Yet another guide to Neural Networks

This is a theoretical introduction to Neural Networks. This introduction is meant to help gain intuition and help out with common issues. Not to get you going with any framework in particular.


[Disclaimer of problem classification]

The fundamental theory

Neural networks are but transformations

Recommended: You can create and test your own network online.

One thing you should know before we start is that a neural network is nothing more than a bunch of transformation, in the same way that f(x) = x * 2 or g(x) = sin(x[0]) are transformations. But instead of using constant functions, we leave certain variables to be adjusted in a process we call 'training'.

A 'trainable' transformations are generally done using Neurons which is are a weighted sum, where the weights are trainable parameters, going into a non-linear function:

input(x), being multiplied by (thetha), summed (sigma), activated (non-lin.), output (y hat)

At the base of all neural networks stands the Universal Approximation Theorem. This theorem states that any continuous function can be approximated using a single Fully Connected Layer (aka Linear or Dense layer) with finite amount of neurons. A fully connected layer, meaning all neurons of layer i are connected to all neurons of layer i+1.

This is not very efficient though, as finite doesn't mean 'few'. And there are a lot of other caveats, with using a single layer.

A flow of transformations

One popular framework has a very appropriate name Tensorflow. Tensor being an n-dimensional array, and flow being the transformations of those tensors as it goes through the model (The exact definition of a tensor is different but not in the scope of this article).

This 'flow' might be visualized using a diagram like this:

The type of 'layer' (transformation) with the output shape of the tensor (array)

And this is how you could, and probably should visualize transformations of your own models going forward. This will help keep your sanity.

If the shape of a tensor is of 'higher rank' (e.g. 2D, 3D, etc.) the shape will be a list. For example Tensor (2, 3, 5) might be a float[2][3][5] when programming.

All layer-transformations, that aren't the input or output, are commonly called hidden layers. All layers between the input and the output are not 'interpretable'. In this sense neural networks are a Black box.

How can it be trained?

For a Neural Network to work every transformation needs to be differentiable. This is so we can preform gradient descent; basically looking at the result an seeing how we can get it to be lower.

This is why all neural networks end with a Loss function, which the program can try to make as low as possible. The loss function might be something like:

$$loss(x, y) = |y - x|$$

Where x is the result from your model, and y is the target result (aka your data). This loss function is just the difference of the two values, meaning you want x and y to be close together.

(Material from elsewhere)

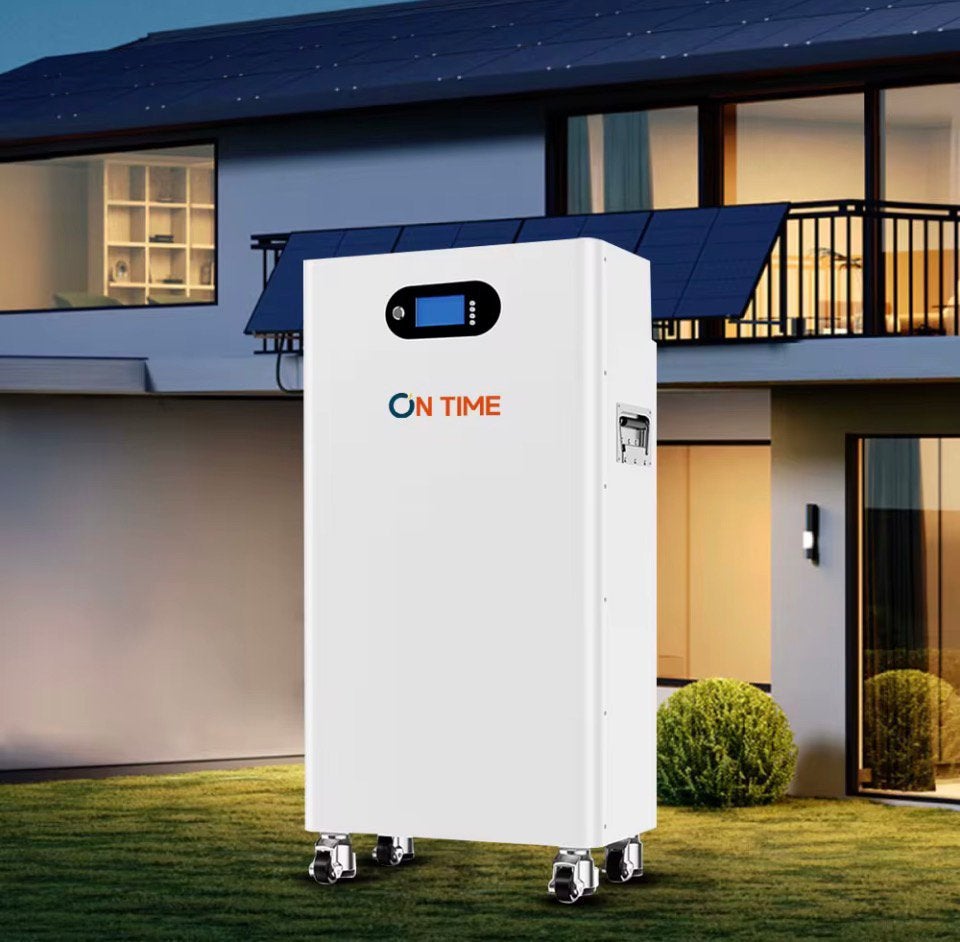 Batterie solaire domestique 16 kWh – NEUVE, Enlèvement, Neuf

Note that most /functions/ are differentiable by nature, see here for some non-differentiable functions. Non-differentiable functions that are continuous can still be used, but might require more 'effort' to implement.
While the functions need to be differentiable you are free to introduce constants, or even 'destruct' variables. (e.g. 2*x, x = max(x))

Using this it can differentiate the entire model, and optimize loss(x,y).

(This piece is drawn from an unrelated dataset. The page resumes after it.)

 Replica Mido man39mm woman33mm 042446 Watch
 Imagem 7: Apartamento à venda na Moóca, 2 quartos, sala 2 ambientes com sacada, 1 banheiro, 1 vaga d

In this example we use the simplest loss function possible, but there are (a lot better) standard loss functions for most tasks.

Visualizing the training

Recommended: See this kind of process in action at the Tensorflow playground.

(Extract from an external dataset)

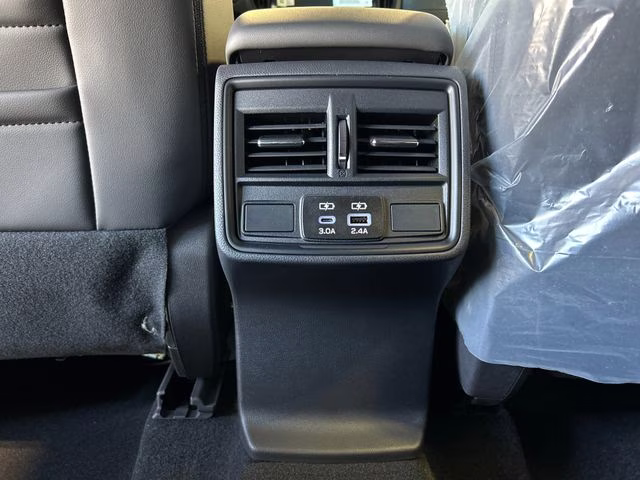 2026 Crystal Black Silica Subaru Forester Premium AWD SUV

A loss function, in the simplest sense may visualized as a simple parabolic function, where the horizontal axes are parameters (2 parameters being trained in this example), and the vertical axis is the resulting loss:

However when working with real data, and a lot more parameters this will be a nigh impossible to visualize. And even when only viewing 2 parameters of a more complex function, the graph will be looking a lot more chaotic.

'Fit' vs Fit

This section applies to all of machine learning (not just neural networks).
See the venn diagram.

Before we continue learning about how to improve upon these basic principles I want to take the time to discuss 'fitting'. This is an alternative way to say 'training', but it more accurately refers to the process of having your model fit your data.

In fitting it is important to remember what you want achieve with the model. You might exactly fit the data, but have lost all 'intelligence'.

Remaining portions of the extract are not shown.